Behavioral Ecology and Sociobiology

, Volume 62, Issue 1, pp 29–35 | Cite as

Daring females, devoted males, and reversed sexual size dimorphism in the sand-dwelling spider Allocosa brasiliensis (Araneae, Lycosidae)

  • Anita Aisenberg
  • Carmen Viera
  • Fernando G. Costa
Original Paper

Abstract

Sexual selection theory predicts that a higher investment in offspring will turn females into the selective sex, while males will compete for accessing and courting them. However, there are exceptions to the rule. When males present a high reproductive investment, sex roles can reverse from typical patterns, turning males into the choosy sex, while females locate males and initiate courtship. In many spiders, males are smaller than females, wandering in search of sedentary females and maximizing the number of copulations. In the present study, we present findings on the sand-dwelling wolf spider, Allocosa brasiliensis, evidencing a reversal in typical courtship roles reported for the first time in spiders.

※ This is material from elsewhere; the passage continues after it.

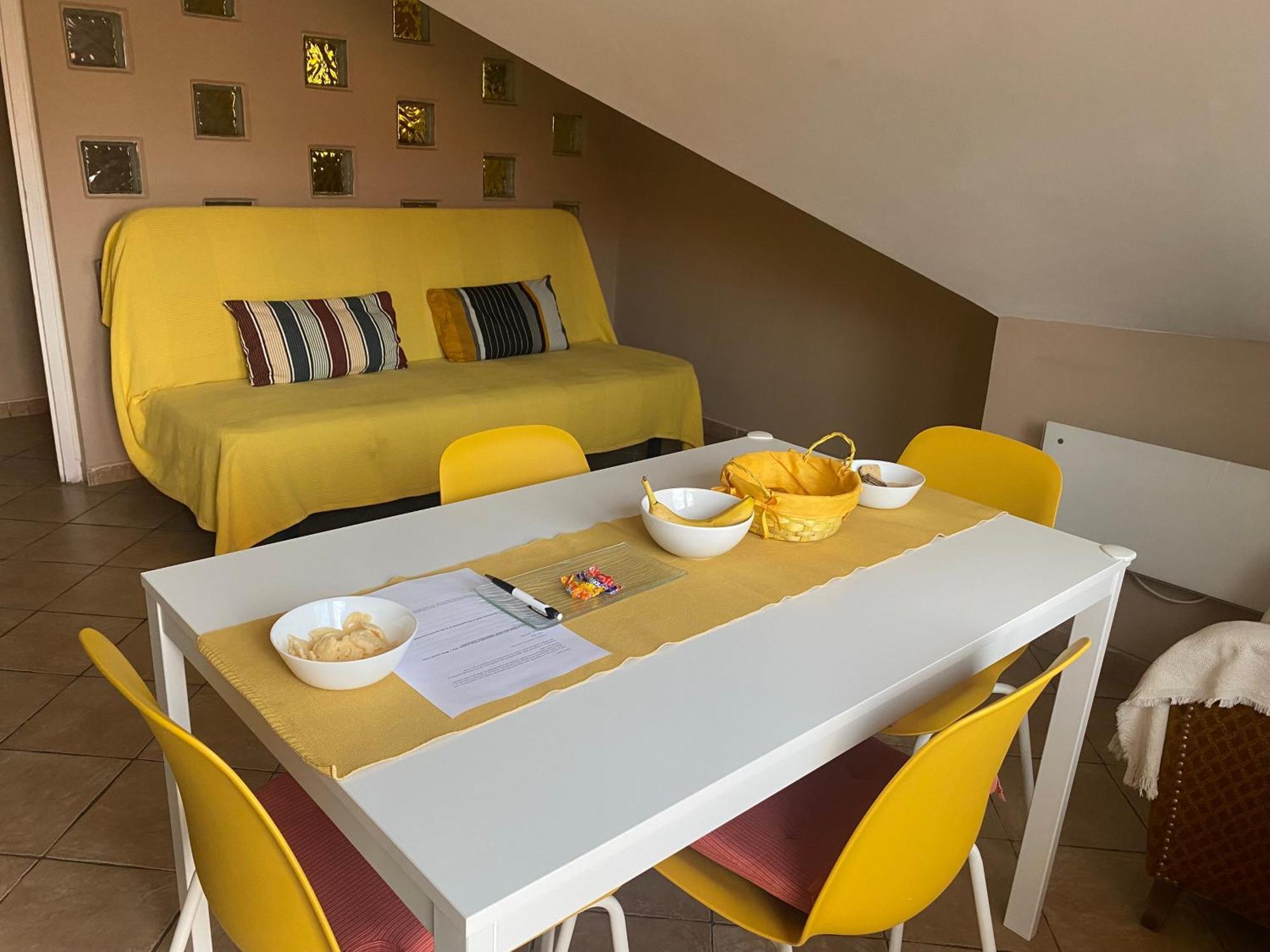 Rozse Apartman-Tetoter Apartment Budaors Ngoại thất bức ảnh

Males were bigger than females. Females located males and initiated courtship. Copulation always occurred in male burrows and took place mainly in long burrows. Males donated their burrows to the females after copulation, closing the entrance before leaving with female cooperation from inside. Males would provide females with a secure place for ovipositing, being exposed to predation and diminishing their future mating possibilities until constructing a new burrow. The cost of vacating the burrow and losing the refuge in an unpredictable habitat, such as sand dunes, would explain the courtship roles reversal in this spider species. Results turn A. brasiliensis as a promising model for discussing the determinants of sex roles and the pressures that drive their evolution and maintenance.

Keywords

Wolf spider Sex roles Sexual size dimorphism reversal 

Notes

Acknowledgments

Martín Graña, Alfredo Peretti, Fernando Pérez-Miles, and Sergio Martínez for their useful comments on a previous version of the manuscript. We are grateful to Darryl Gwynne, Yael Lubin, Matthias Foellmer, and an anonymous reviewer for their suggestions that substantially improved the manuscript. Rodrigo Postiglioni helped converting the videos to digital format. The study was supported by a grant awarded to AA from PEDECIBA, Facultad de Ciencias, Universidad de la República, Uruguay. Experiments comply with current Uruguayan and institutional laws.

Supplementary material

Video S1

Male closing the burrow entrance and guarding after the copulation, while the female liberates silk and collaborates in closing the entrance from inside the burrow (WMV 1.1 MB)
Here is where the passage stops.